Back at the ENT office, we finally met with a doctor. He recommended tubes in her ears. The tubes will help the ears to drain. The will also vacuum out the fluid currently causing her hearing loss. Placing the tubes is relatively simple and it does not take very much time, but it is done under anesthesia. So, he is going to try to coordinate with Sarah's other surgeons.
After the fluid is gone, she will get another hearing test. It is possible that the tubes will resolve her hearing. If not, we will follow up with ENT to find solutions.
We did not break for lunch. We were afraid that all the waiting had not left us time for the afternoon doctors. So we grabbed a bite on the go.
The afternoon was much less stressful. We did not wait in the waiting room for long, they took us right back. We did not wait for the doctors for very long in the patient room. First someone came from psychiatry. I am glad that they are following, but the conversation was short. Sarah seems to be doing well, developmentally. She is a baby, acting like a baby.
We waited to see who would come in next. We could hear some of our favorite doctors in the hall. The neurosurgeon came in first. (Josh offered condolences since the Pats lost the Super Bowl.) But before we had gotten far, the Plastic surgeon came in. And a doctor from genetics. And then another plastic surgeon. They did not each meet with us and then converse elsewhere. They did the consult together. It was pretty awesome.
It is fun to watch a discussion on an interesting subject between the top experts on the subject. The topic that day, in that room full of brilliant minds was my daughter.
Sarah needs surgery to separate to separate her fingers, to repair her cleft palate, to protect her brain from pressure and to reconstruct. The biggest question of the day was not what needs to happen, but what is the timeline?
Sarah's next surgery is a big one. Her neurosurgeon and her plastic surgeon will work together to alleviate pressure by widening the area for her brain to grow, so that it can out not just up. (Or, as Lily put it, "Her head is tall, tall, tall!") They will use a ventricular drain to drain some of the fluid, but in a very controlled way. They are still hoping to avoid a shunt. She does have more fluid than is normal, which contributes to her head size. It is an art. Too much fluid puts pressure on the brain. The fluid is helping though, it acts like a balloon, helping to hold shape and also a cushion. The ventricular drain will help them monitor all these factors with precision. They will be grafting bone, filling in some of the holes.
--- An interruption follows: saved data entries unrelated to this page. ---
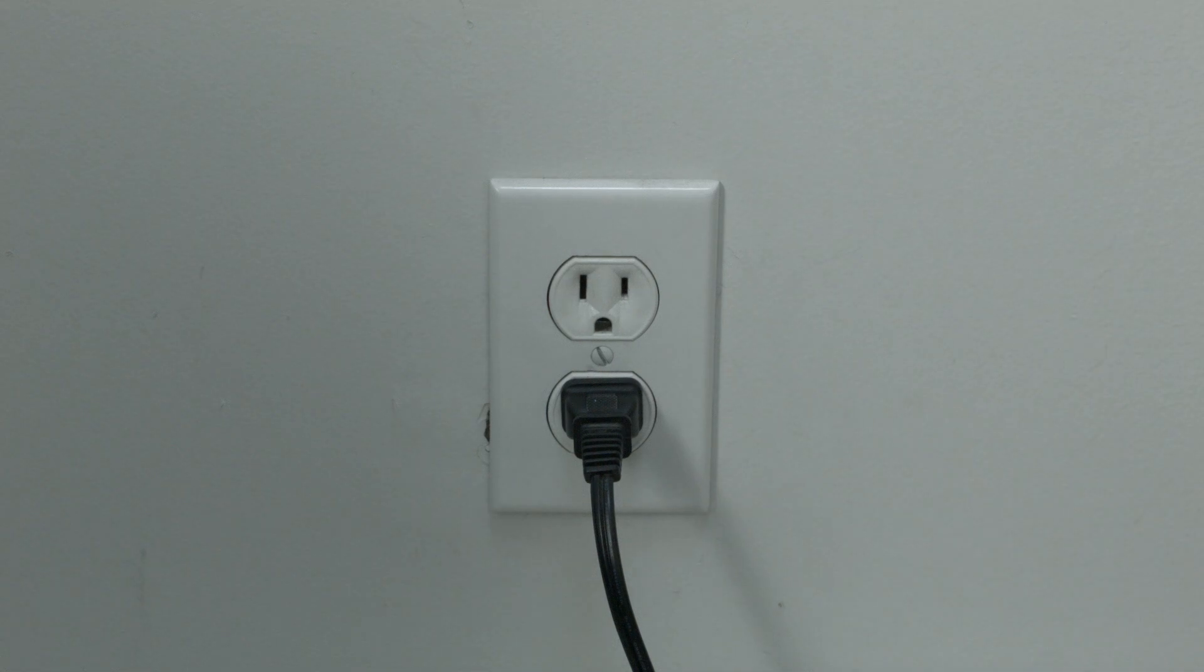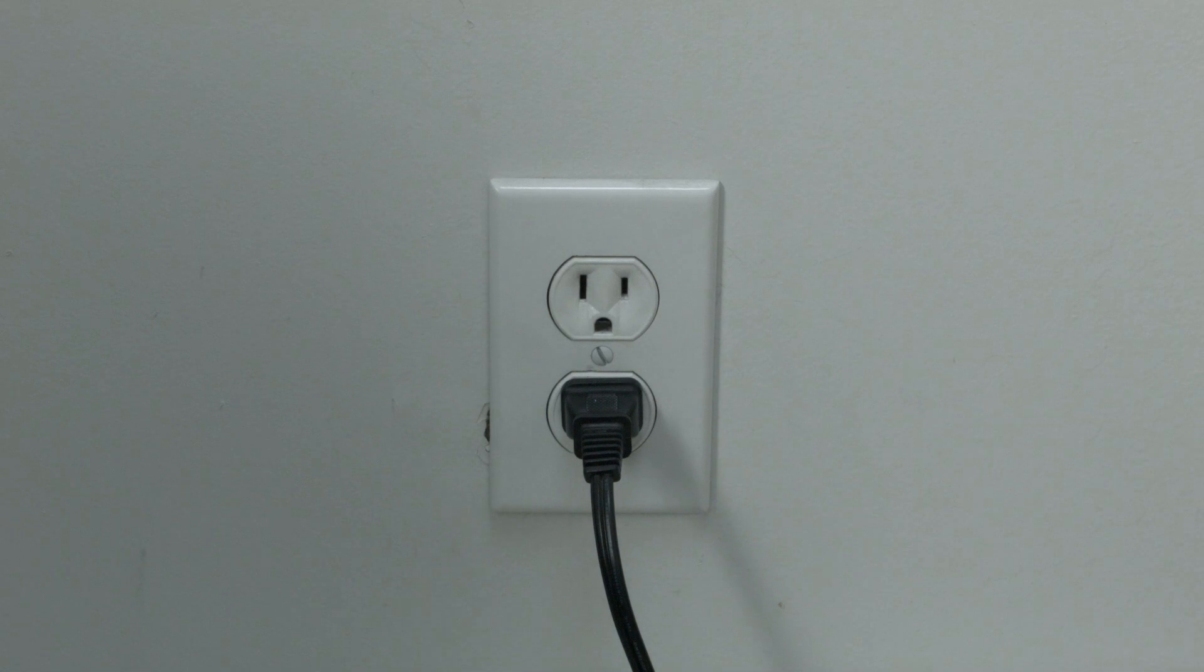Okay, to do the update, press the home button on your remote, go to settings, then system, then system update, then hit check now.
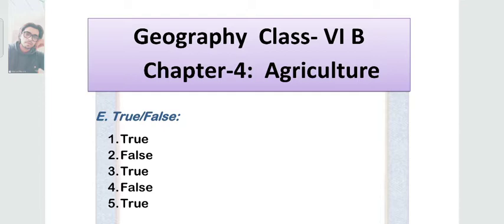For the True and False exercise: the first one is True, second one is False, third is True, fourth is False, and fifth is True.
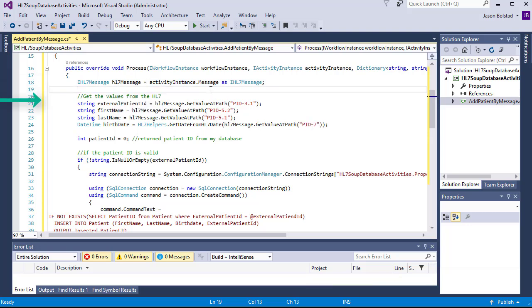Next, we're going to extract the values that we need to populate our database from the HL7 message that is set up. We call HL7Message.GetValueAtPath, and then pass in the HL7 path, which points to the value we require.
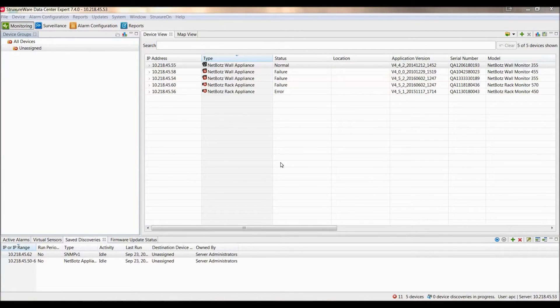Within this video I am going to show you how to enable NetBots Appliance Camera to record within StructureWare Data Center Expert.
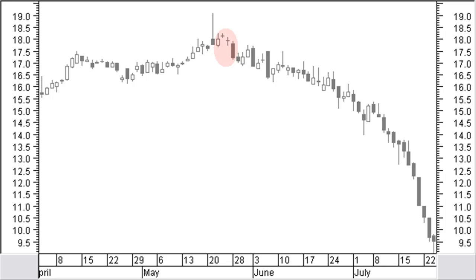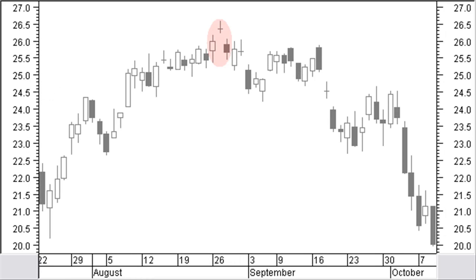The abandoned baby is a stronger reversal pattern than the evening star. A bearish abandoned baby pattern is an evening star with a small body or doji star with a window between the doji and both the white and black candles, resulting in an island reversal.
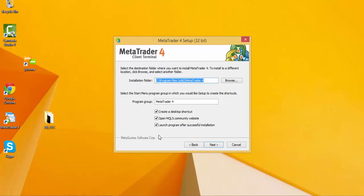Alright, so this is the way that you install MetaTrader 4. In my next video, I will show you how to move around and maneuver and play around with some of the features inside of the platform itself. Happy trading and I will see you guys soon.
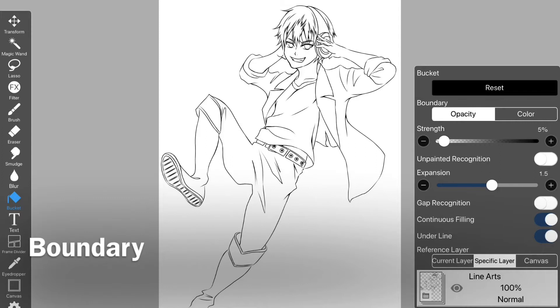Also, if you want the fill layer or part of the photo to be the border, select color for the border. In this illustration, I want to use line art as the boundary, so I tap opacity.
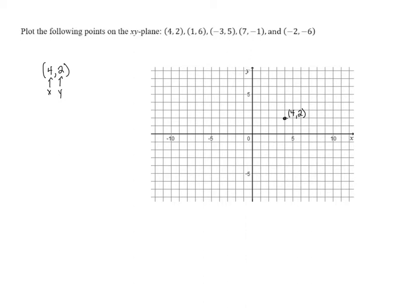The next point we have is (1,6). The x-coordinate is 1, so we go to the right 1 — that's where 1 is on the x-axis. And the y-coordinate is 6, so we have to go up 6 units, because 6 on the y-axis is up 6. So we end up right here — that's to the right 1 unit and up 6 units: 1, 2, 3, 4, 5, 6. So the point (1,6) is right there, and we put our point and label it (1,6).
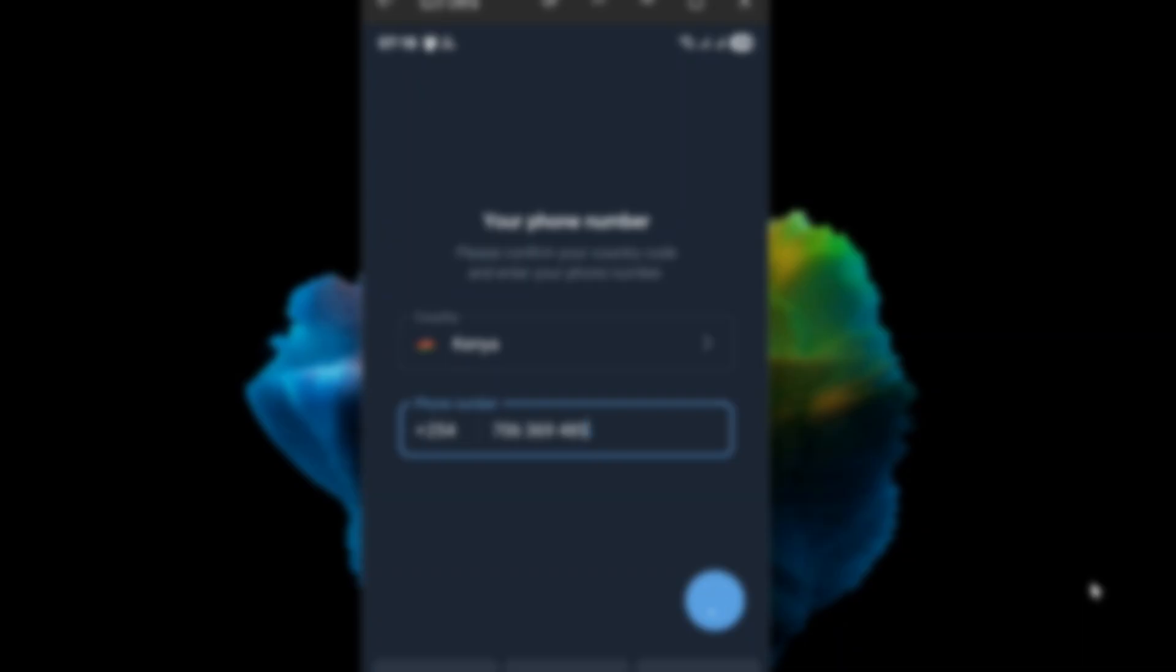The first thing we need to address, and it might seem obvious to some, is the source of your Telegram application. A significant number of users encounter this logging out problem because they're not using the official Telegram app. There are many third-party clients out there, and while some may offer unique features, they often lack the stability and security of the official version.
After it all, her head will be rounder and look smaller and, of course, her brain will be protected. It is not scheduled yet, but it will be in mid to late April.
The experience was surreal. I left the room thinking that the surgery was no big deal. Company can skew perception. It took a few days for the magnitude of this surgery to sink in.
I still do not have the fear that I expect, so I thank you again for your prayers.